Ambedkar set a high journalism bar
SN Sahu
Former press secretary to the late KR Narayanan, President of India
ON the birth anniversary of Baba Saheb Ambedkar today, one recalls his role as an outstanding communicator and the benchmark of excellence he established as the founding editor of several newspapers. His journalistic ethics remained central to his enduring legacy rooted in the values of social justice, woven around the ideals for reclamation of human personality and integral to his vision of social order based on liberty, equality and fraternity.
His journalism was the journalism of regeneration and reconstruction to unchain the exploited and uplift the excluded. The very titles of the newspapers he established testify to his passion and ardour for journalism for social justice and regeneration. The titles, such as the Mook Nayak (Leader of the Dumb), Bahiskrit Bharat (Excluded India), Samata (Equality), Prabuddha Bharat (Enlightened India) and Janata (People) brought out his vision and the content of his editorials flowed from his action which aimed at progressive social transformation.
His journalism was the journalism to address the challenges of counter social revolution affirming the perpetuation of caste and social inequality based on immediate identity and ascribed status, taking into account graded social categories and not on citizenship values.
It is instructive to note that Dr Ambedkar flagged the issue of inequality in the very first issue of Mook Nayak in 1926 and underlined that herculean efforts would be required to free people suffering from social and economic disadvantages in the Indian society, which, he said, is the home of inequality.
At a time when the counter social revolution is spreading in India today and is tragically celebrated even by those occupying influential positions, a journalism for social justice propounded by Dr Ambedkar is required. His writings and actions consistently remained within the framework of law and jurisprudence.
In fact, his journalism was the journalism for public reasoning. Based on logic, argumentation, research and unearthing of ideas and facts, he argued well and established his reputation as a brilliant communicator at a time when there was hardly any support from society for the causes centered around the exploited sections. Dr Ambedkar set an example for the India of the 21st century, which is tragically witnessing din and cacophony in electronic media, negating the culture of communication based on reasoning and argument. When mass media is dubbed as a source of infotainment, the cause of social justice gets obscured and journalistic tradition is driven by predatory commercial considerations.
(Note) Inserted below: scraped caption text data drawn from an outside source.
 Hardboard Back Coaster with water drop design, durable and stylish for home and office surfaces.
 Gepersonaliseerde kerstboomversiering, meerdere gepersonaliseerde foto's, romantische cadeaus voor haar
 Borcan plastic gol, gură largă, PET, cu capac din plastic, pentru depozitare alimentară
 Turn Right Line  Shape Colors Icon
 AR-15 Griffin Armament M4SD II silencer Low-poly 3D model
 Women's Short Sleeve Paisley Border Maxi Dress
It is in this context that Dr Ambedkar assumes significance for the 21st century India marked by pervasive media presence and dilution of public reasoning. The weakening of public reasoning in journalism weakens a democracy. Dr Ambedkar's eloquent slogan "Educate, Organise and Agitate" has been interpreted by Professor Amartya Sen as a method of public reasoning. In fact, Baba Saheb's journalism is informed by Education, Organisation and Agitagion. In giving primacy to education and combining it with Organisation and Agitation, he transmitted a revolutionary idea of social change through constructive efforts. His editorials conveyed that idea of social change without employment of violent methods. It is remarkable that his journalism is of abiding significance for our time when public discourse is riddled with passion and impulse which actuates people to take action destructive of reasoning.
In his last speech in the Constituent Assembly, Dr Ambedkar said with deep concern that if Indians, after having adopted and enacted the Constitution, would not follow constitutional methods for achieving the objectives enshrined in it, then "grammar of anarchy" would be the order of the day. There is some "grammar of anarchy" gripping the public life of India today and discourse is often derailed because of absence of reasoning. Invoking the journalistic legacy of Dr Ambedkar is needed today to effect course corrections.
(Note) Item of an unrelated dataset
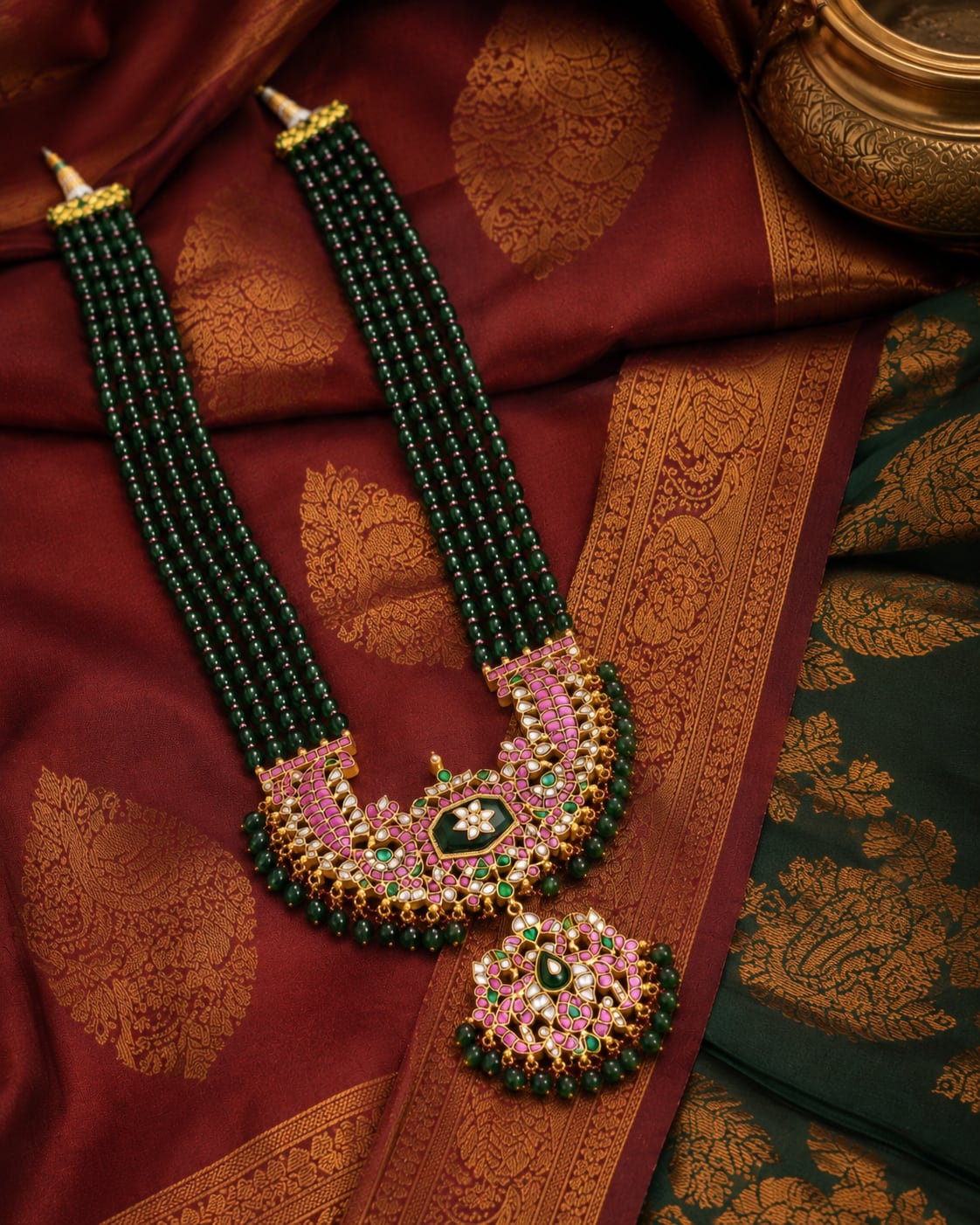 FeelOri real kempu jadau long haram necklace styled with saree fabric for Indian occasion wear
Corporate control of media is the bane of our time. Stating that "Journalism in India was once a profession", he bemoaned: "It has now become a trade. It has not more moral function than the manufacture of soap. It does not regard itself as the responsible adviser of the public." Strong indictment indeed!
Are such observations of Dr Ambedkar not applicable to the journalism today’s times that are often driven by commercial considerations? Setting the standards of journalism, he said, "To give the news uncoloured by any motive, to present a certain view of public policy which it believes to be for the good of the community, to correct and chastise without fear all those, no matter how high, who have chosen a wrong or a barren path, is not regarded by journalism in India its first or foremost duty."
He added that "To accept a hero and worship him has become its principal duty. Under it, news gives place to sensation, reasoned opinion to unreasoning passion, appeal to the minds of responsible people to appeal to the emotions of the irresponsible. … Never has the interest of country been sacrificed so senselessly for the propagation of hero-worship. Never has hero-worship become so blind that as we see it in India today. There are, I am glad to say, honourable exceptions. But they are too few and their voice is never heard".
Can the exception be the norm in the age when media has multiplied and is powerful in shaping the course of history and destiny of India? We need to salute Dr Ambedkar and enrich his legacy which reminds us about the standards of the health of journalism.